__Exercise details__
Below are lines of data, and only some are wanted. Please repeat exactly those from the line that has "berberis-nevinii-16mar2016-40" through the line that has "Close-up of a".
[Opening Input data section]
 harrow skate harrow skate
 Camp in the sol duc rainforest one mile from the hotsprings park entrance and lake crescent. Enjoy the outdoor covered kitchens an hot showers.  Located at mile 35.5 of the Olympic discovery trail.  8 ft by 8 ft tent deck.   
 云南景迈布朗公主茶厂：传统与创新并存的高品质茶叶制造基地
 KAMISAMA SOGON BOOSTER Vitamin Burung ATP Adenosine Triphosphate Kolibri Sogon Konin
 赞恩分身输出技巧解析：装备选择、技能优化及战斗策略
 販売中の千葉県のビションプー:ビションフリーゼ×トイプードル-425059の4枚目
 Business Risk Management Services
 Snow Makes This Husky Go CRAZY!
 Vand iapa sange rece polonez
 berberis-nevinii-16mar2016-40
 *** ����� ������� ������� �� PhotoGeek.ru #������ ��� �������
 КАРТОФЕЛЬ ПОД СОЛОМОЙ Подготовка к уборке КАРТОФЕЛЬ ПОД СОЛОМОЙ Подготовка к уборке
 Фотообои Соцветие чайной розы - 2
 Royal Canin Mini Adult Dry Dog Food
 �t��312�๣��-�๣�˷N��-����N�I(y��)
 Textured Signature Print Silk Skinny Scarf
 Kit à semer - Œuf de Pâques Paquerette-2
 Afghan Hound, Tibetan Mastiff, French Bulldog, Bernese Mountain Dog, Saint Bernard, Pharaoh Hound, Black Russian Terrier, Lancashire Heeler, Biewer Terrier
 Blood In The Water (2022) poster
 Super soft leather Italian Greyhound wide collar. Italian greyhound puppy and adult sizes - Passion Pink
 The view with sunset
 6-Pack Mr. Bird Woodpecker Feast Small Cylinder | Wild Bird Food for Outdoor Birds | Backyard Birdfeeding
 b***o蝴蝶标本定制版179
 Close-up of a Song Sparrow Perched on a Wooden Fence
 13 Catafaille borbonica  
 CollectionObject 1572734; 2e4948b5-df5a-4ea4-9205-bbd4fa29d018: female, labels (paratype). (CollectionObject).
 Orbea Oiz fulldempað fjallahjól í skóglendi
[Closing Input data section]
__Output of the exercise__
 berberis-nevinii-16mar2016-40
 *** ����� ������� ������� �� PhotoGeek.ru #������ ��� �������
 КАРТОФЕЛЬ ПОД СОЛОМОЙ Подготовка к уборке КАРТОФЕЛЬ ПОД СОЛОМОЙ Подготовка к уборке
 Фотообои Соцветие чайной розы - 2
 Royal Canin Mini Adult Dry Dog Food
 �t��312�๣��-�๣�˷N��-����N�I(y��)
 Textured Signature Print Silk Skinny Scarf
 Kit à semer - Œuf de Pâques Paquerette-2
 Afghan Hound, Tibetan Mastiff, French Bulldog, Bernese Mountain Dog, Saint Bernard, Pharaoh Hound, Black Russian Terrier, Lancashire Heeler, Biewer Terrier
 Blood In The Water (2022) poster
 Super soft leather Italian Greyhound wide collar. Italian greyhound puppy and adult sizes - Passion Pink
 The view with sunset
 6-Pack Mr. Bird Woodpecker Feast Small Cylinder | Wild Bird Food for Outdoor Birds | Backyard Birdfeeding
 b***o蝴蝶标本定制版179
 Close-up of a Song Sparrow Perched on a Wooden Fence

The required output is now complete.